WORK TO COMPLETE
Return the stretch from the line with "Stephen Amell - Stephen" through the line with "グッチ ローファー サイズ8 270-275" in the data below, character for character, skipping all pictures.

GIVEN DATA

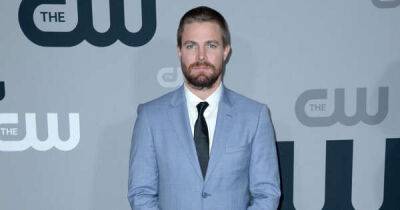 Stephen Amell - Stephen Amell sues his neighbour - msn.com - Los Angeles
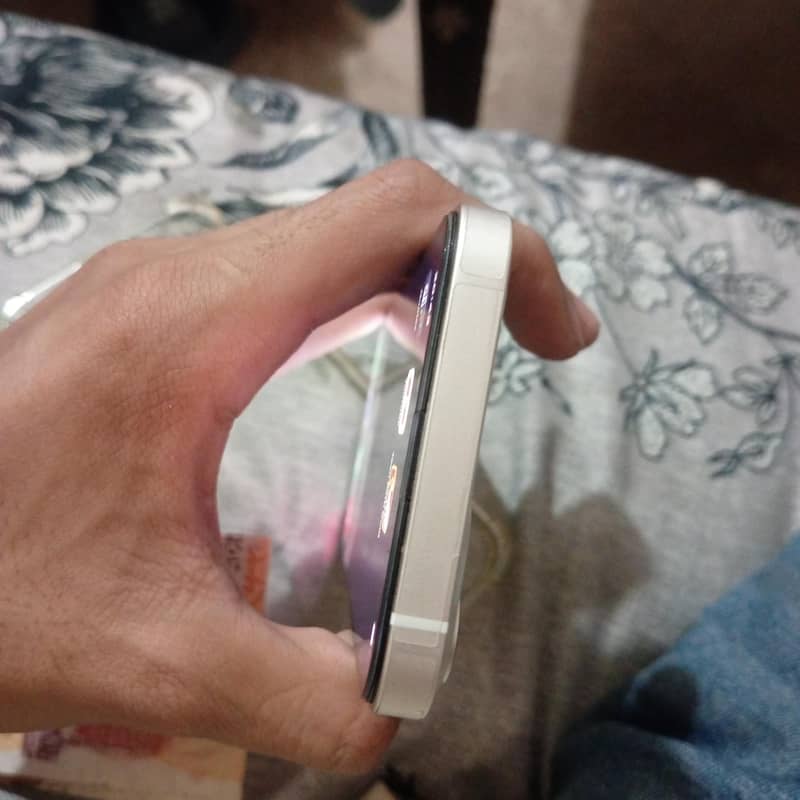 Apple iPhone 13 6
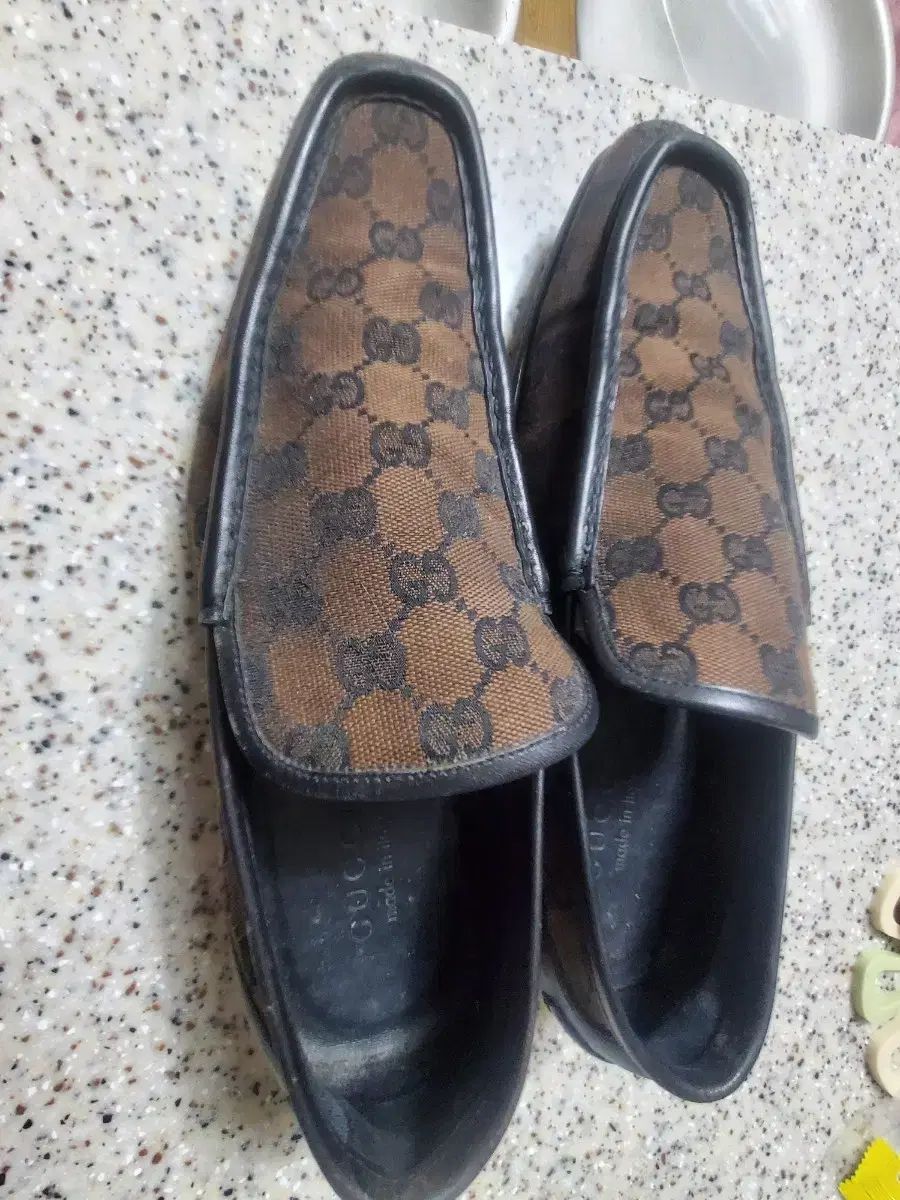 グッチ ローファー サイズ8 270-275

...

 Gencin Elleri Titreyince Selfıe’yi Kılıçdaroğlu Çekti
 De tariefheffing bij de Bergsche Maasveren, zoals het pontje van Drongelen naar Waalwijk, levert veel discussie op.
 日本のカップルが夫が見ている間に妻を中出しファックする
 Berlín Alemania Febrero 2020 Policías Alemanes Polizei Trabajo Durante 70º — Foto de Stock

ANSWER
 Stephen Amell - Stephen Amell sues his neighbour - msn.com - Los Angeles
 Apple iPhone 13 6
 グッチ ローファー サイズ8 270-275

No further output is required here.